* _What is required_
Please restate each line of the data below exactly. Omit all images.

* _Provided material_
++++++
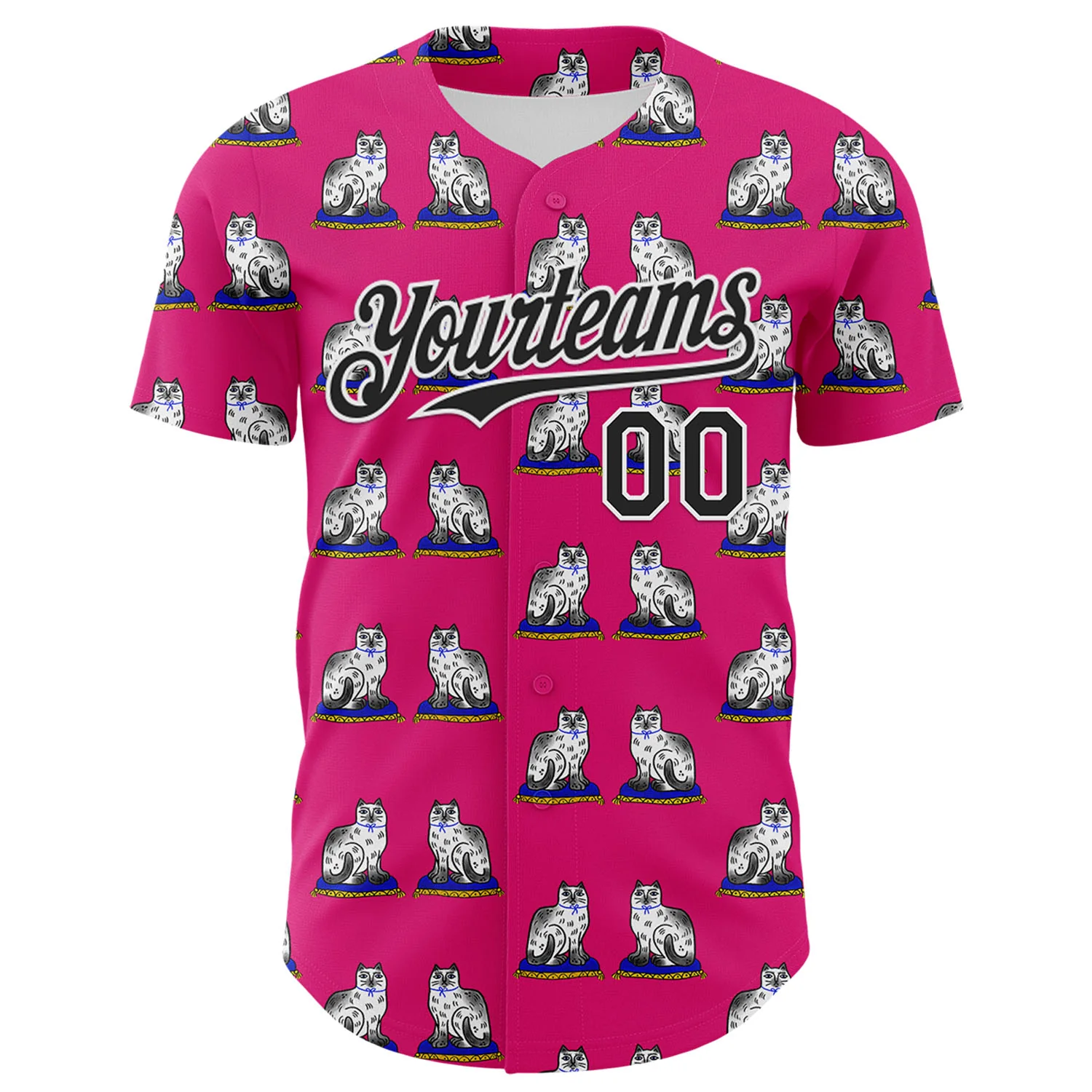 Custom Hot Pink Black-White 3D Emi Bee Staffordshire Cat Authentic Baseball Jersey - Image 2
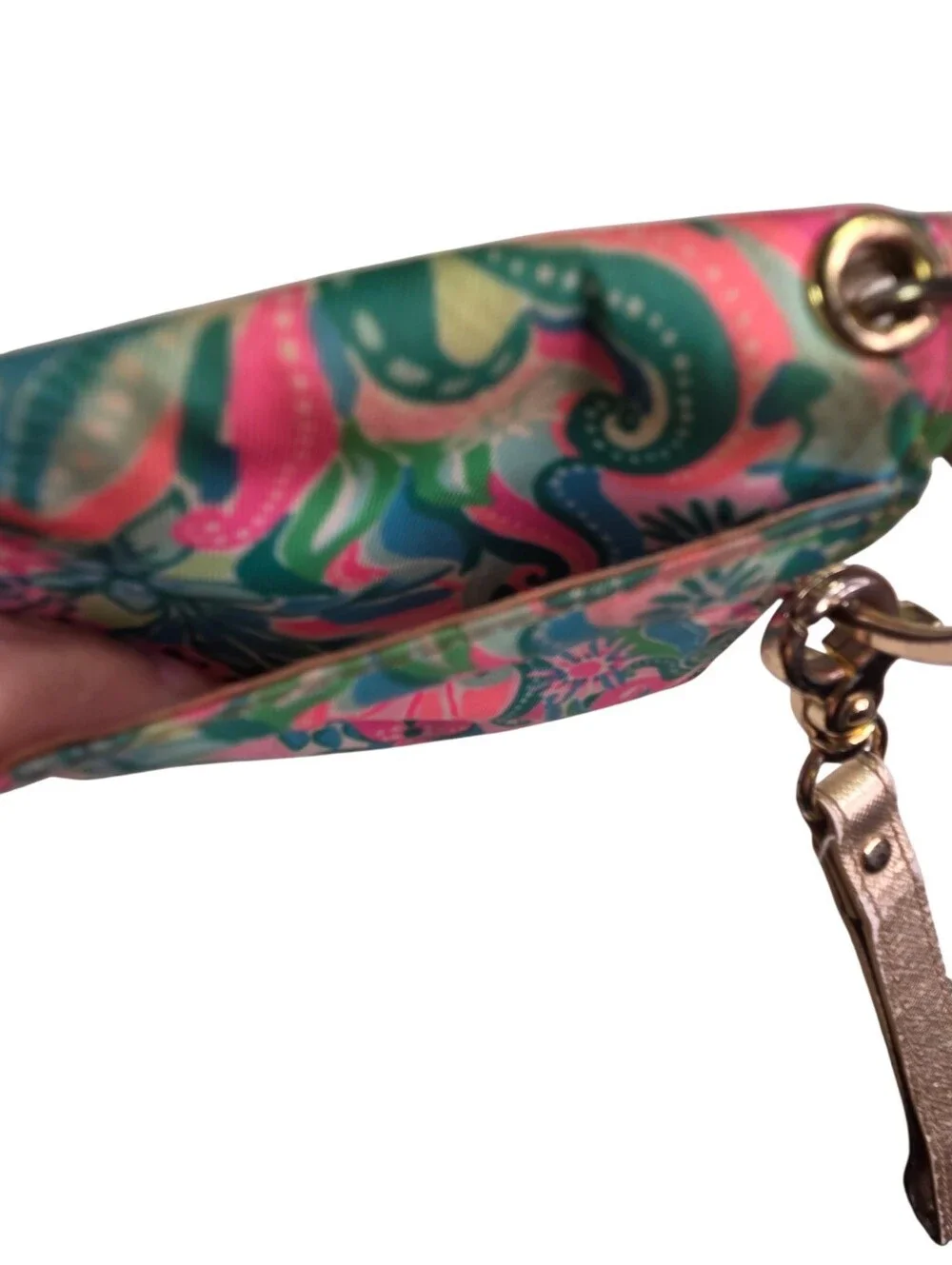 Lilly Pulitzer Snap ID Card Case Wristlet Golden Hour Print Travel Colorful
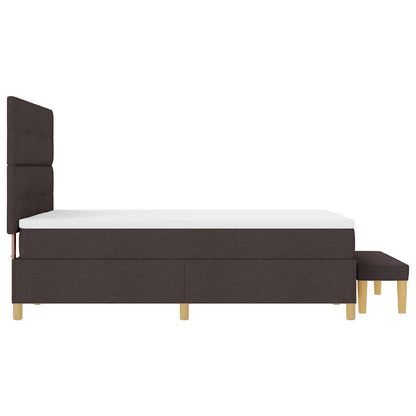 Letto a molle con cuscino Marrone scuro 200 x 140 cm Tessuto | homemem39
++++++
* _Answer to the problem_
 Custom Hot Pink Black-White 3D Emi Bee Staffordshire Cat Authentic Baseball Jersey - Image 2
 Lilly Pulitzer Snap ID Card Case Wristlet Golden Hour Print Travel Colorful
 Letto a molle con cuscino Marrone scuro 200 x 140 cm Tessuto | homemem39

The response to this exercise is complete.